Distressed hedge funds are depleting opportunities, driving up prices and overvaluing companies without performing proper due dilligence, according to distressed buyers who are lamenting the new breed of competitors.

Distressed hedge funds are depleting opportunities, driving up prices and overvaluing companies without performing proper due dilligence, according to distressed buyers who are lamenting the new breed of competitors.

Brandon Stranzl, general partner at Tiedemann BGS Partners in New York, said there is too much capital chasing too few deals. "You can't have a distressed investment if everyone wants to buy it," he stated. Stranzl added he is essentially ignoring the distressed market now because he expects returns to be sub-par and is instead waiting for capital, namely hedge funds, to exit that market. "We're in a speculative bubble. You could almost take 'hedge' and attach it to 'funds' in a similar manner to 'dot' and 'com'... it can't be good wherever it's going to end up," he lamented.

Scott Victor, managing director at SSG Capital Advisors in Philadelphia, said deals are being bought at very high multiples and a lot of hedge funds have come into lower middle market investing. "When looking at a company, you have to get in there quickly and you have to do due diligence," he noted.

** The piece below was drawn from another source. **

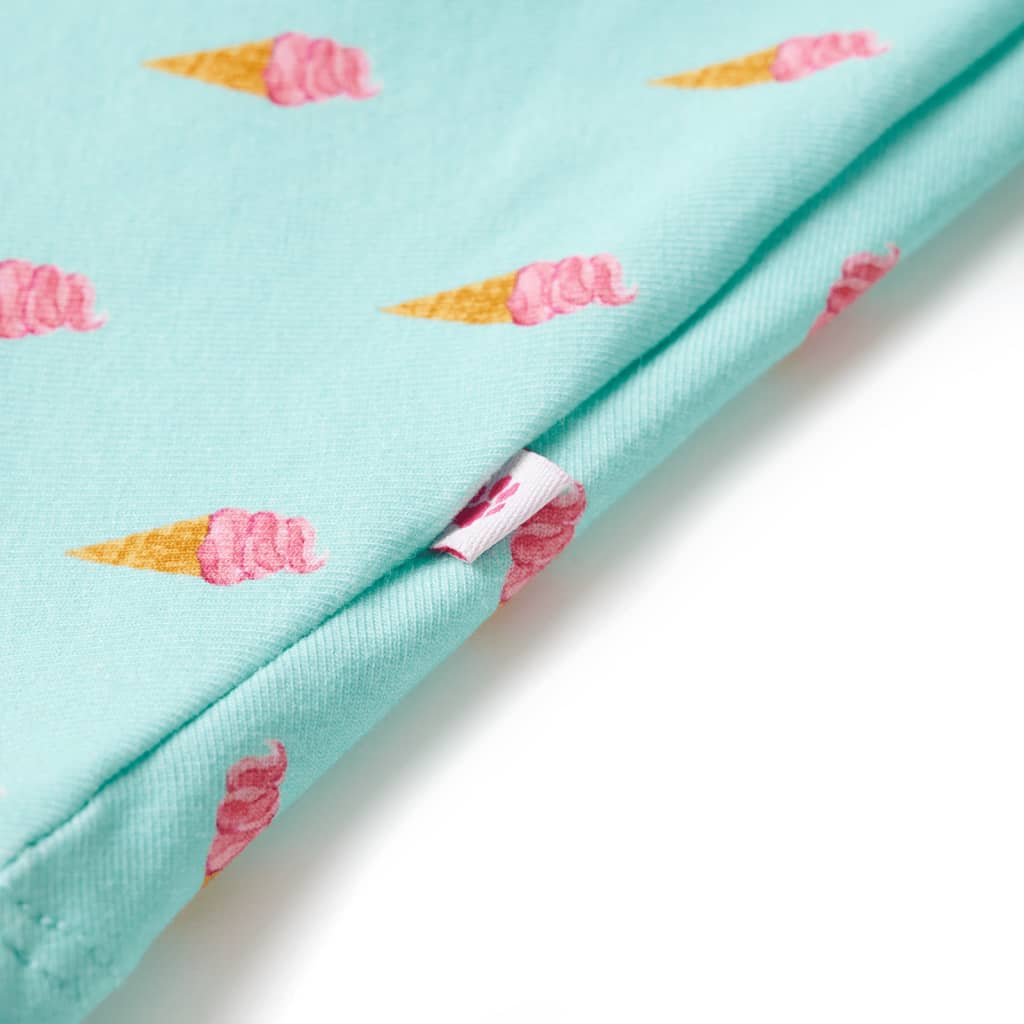 Girls' dress with drawstring Light mint green 128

Hedge funds are throwing money around so carelessly that they will inevitably incur future losses on some distressed paper, predicted Robert Lass, managing director at middle market distressed investor Radius Equity Partners in Chicago. "We've been seeing a lot of hedge funds doing two days of due diligence on a $500 million deal where a company has busted 10 covenants or is in default," he said. In contrast, Radius is currently looking at an unspecified middle market company with 19 factories across the country and has deployed 10 to study it.